Cincotta v. Catania

The plaintiff was awarded a judgment by the trial court in the sum of $1,015.45, and the defendant appealed under section 953a of the Code of Civil Procedure. The plaintiff's complaint is in form a common count for money had and received. The defendant filed an answer in which he denied the material allegations of the plaintiff's complaint and in addition thereto he presented a cross-complaint. In view of the conclusions which we have reached regarding the cause of action pleaded by the plaintiff, it will not be necessary for us to consider the questions presented regarding the cross-complaint.

The uncontradicted testimony shows that on or a short time before the eighteenth day of October, 1920, the defendant had sold, of the 1920 crop, to Mr. Guccione, a carload of ripe olives which was thereafter to be cured by salting, etc., and then delivered on board of the cars at Fresno. When the plaintiff heard of that sale he went to the defendant and purchased a carload to be cured and shipped, and agreed to pay twelve cents a pound. A carload of olives amounts to twelve tons or thereabouts. The purchase so made by the plaintiff was oral and no time for the delivery was specified. But the defendant did state that after he had filled the order for Mr. Guccione that he would then fill the plaintiff's order. At the time of the purchase the plaintiff wrote out and delivered to the defendant *Page 40 his check in the sum of $1,000 as a part of the purchase price.
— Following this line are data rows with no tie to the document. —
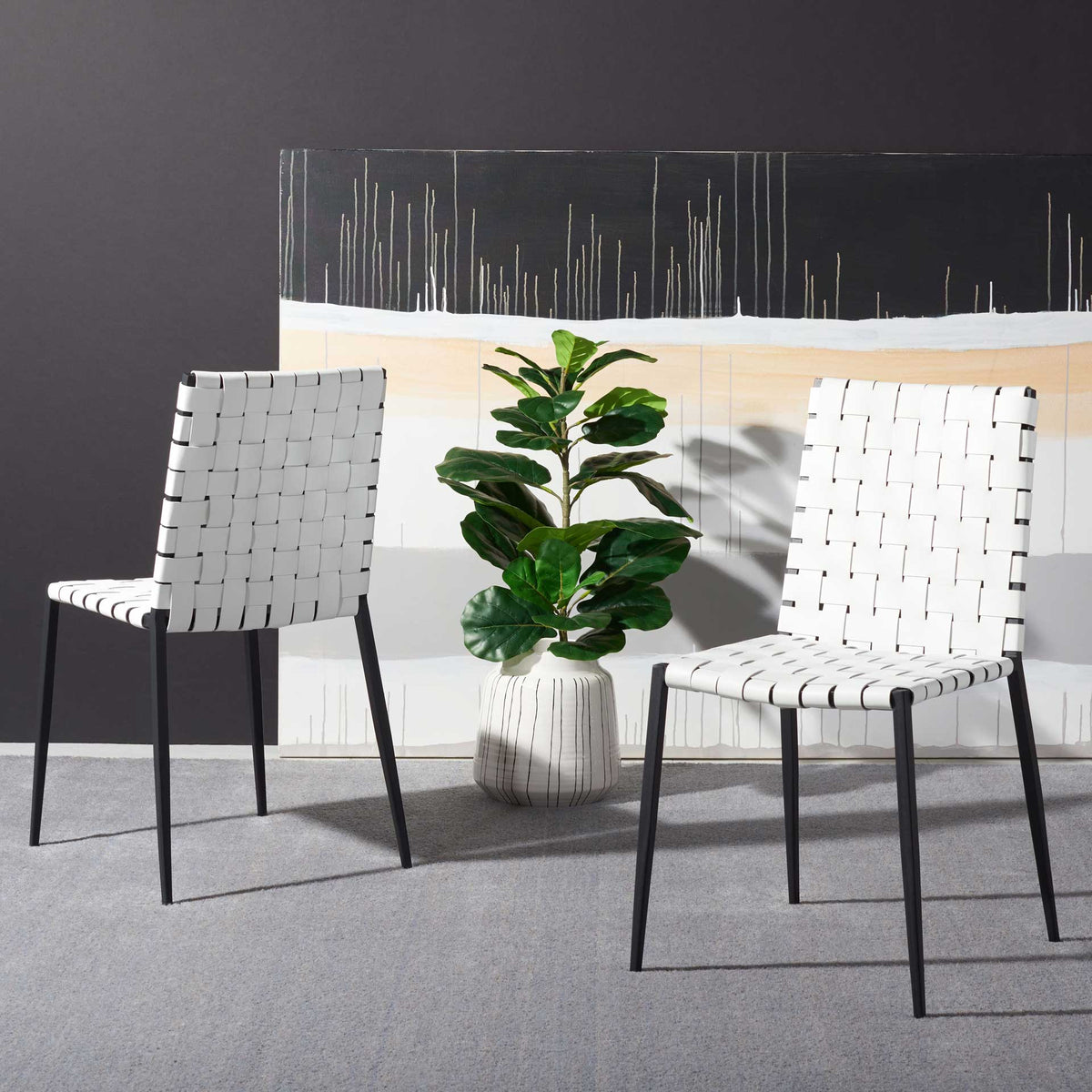 A matching pair of white woven chairs brings airy texture and bold black accents to the room.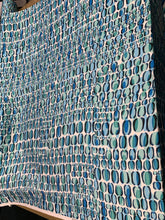 Designer digital print on Charmeuse fabric 54â wide.  Beautiful ivory base with blues combination sold by the yard.  Best use for Appearel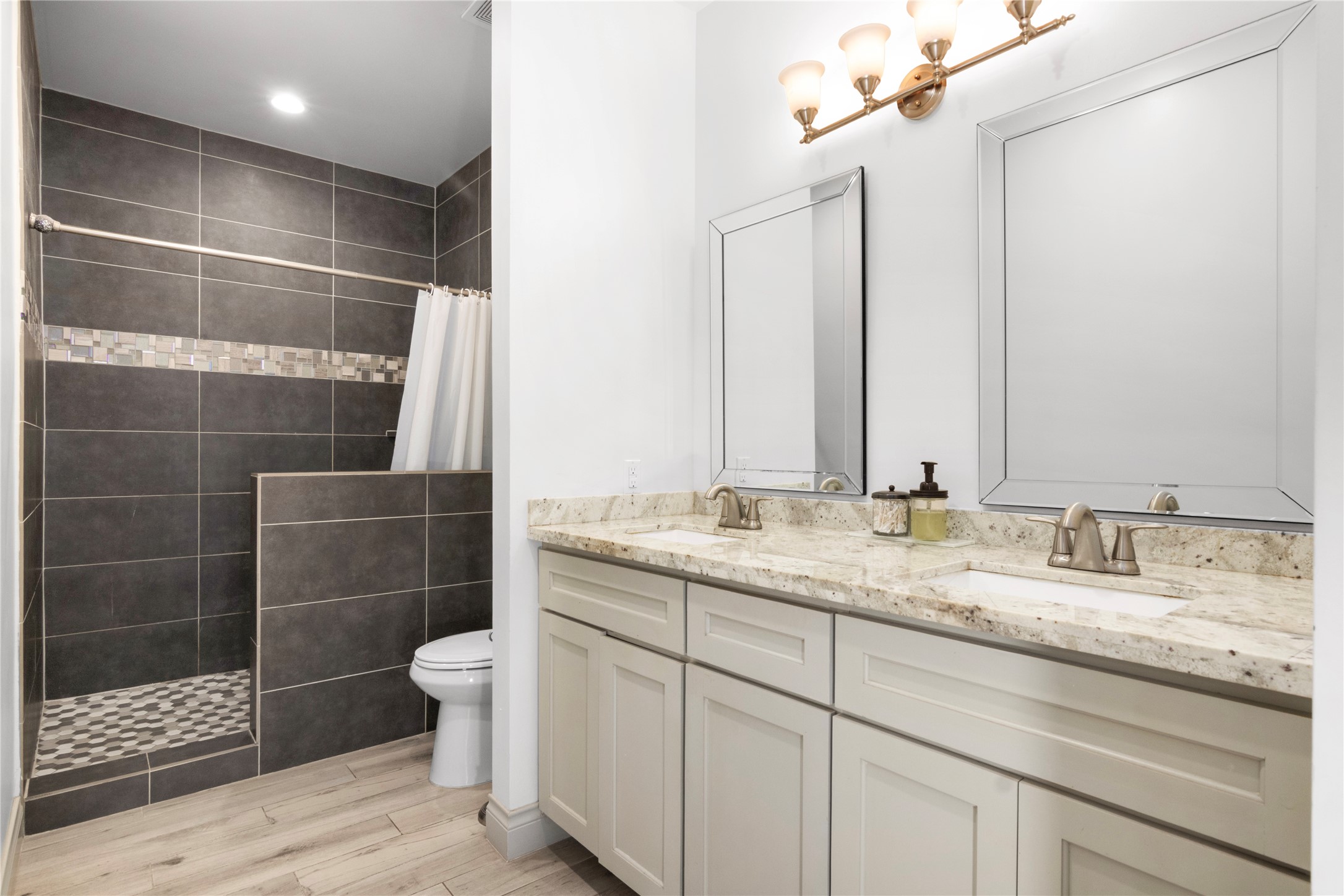 7341 Ave East Houston, TX 77011 - Photo 22 of 33 a bathroom with a double vanity sink toilet and shower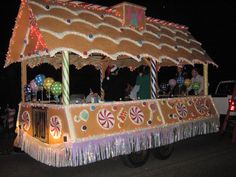 an elaborately decorated vehicle with lights and decorations on it's roof is driving down the street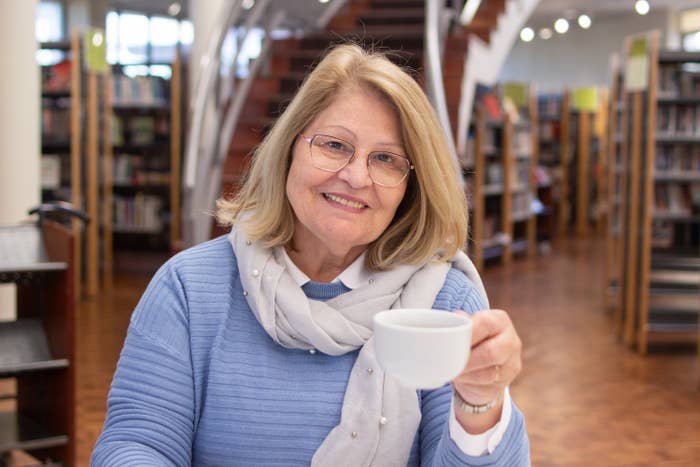A person holding a cup as they sit in a bookstore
[1] On the trial of the case the plaintiff did not introduce any evidence that he did at any time, except once, demand of the defendant a delivery of the olives. However, he did testify that on the fifteenth day of November, 1920, he asked the defendant to deliver to him some olives to place in a car which he was loading with grapes to ship to the east, and that the defendant did not comply with such request. The plaintiff did not introduce any evidence that thirty days or less time is a reasonable time within which to procure, pack, and ship two carloads of olives, of the current season, in the neighborhood of Fresno during the months of October and November. Furthermore, the record does not even purport to show that the contract of purchase had been rescinded by mutual consent. In the absence of a mutual rescission there can be no recovery by the vendee under such circumstances. (Tomboy Gold Copper Co. v. Marks, 185 Cal. 336, 339 [197 P. 94].) We do not understand that as for a breach of contract it is even claimed that the plaintiff was entitled to recover under a common count as for money had and received. (McConnell v. Corona City WaterCo., 149 Cal. 60, 65 [8 L. R. A. (N. S.) 1171, 85 P. 929].) But be that as it may, the evidence introduced was not sufficient to show a breach of contract on the part of the defendant. As the case must go back for a new trial it is proper to suggest that the plaintiff did, under the facts proved in this case, adopt an improper form of pleading. (Barrere v. Somps, 113 Cal. 97 [45 P. 177, 572].) He thereby caused a material variance between his pleading and his proof.[2] If it is his theory that there was a mutual rescission of the contract of purchase, or an abandonment of the contract of purchase, the plaintiff may stand on a complaint as for money had and received. (Bray v. Lowery, 163 Cal. 256, 261 [124 P. 1004]; Tomboy Gold Copper Co. v. Marks, supra.) But if he claims that the defendant has breached his contract of purchase and has rendered himself liable to damages, then the plaintiff should have pleaded the facts, or have adopted the common count as for quantum meruit. (McConnell v. Corona City Water Co.,supra; Pabst Brewing Co. v. *Page 41 E. Clemens Horst Co., 229 Fed. 913, 916 [144 C. C. A. 195].)

The judgment is reversed.

Nourse, J., and Langdon, P. J., concurred.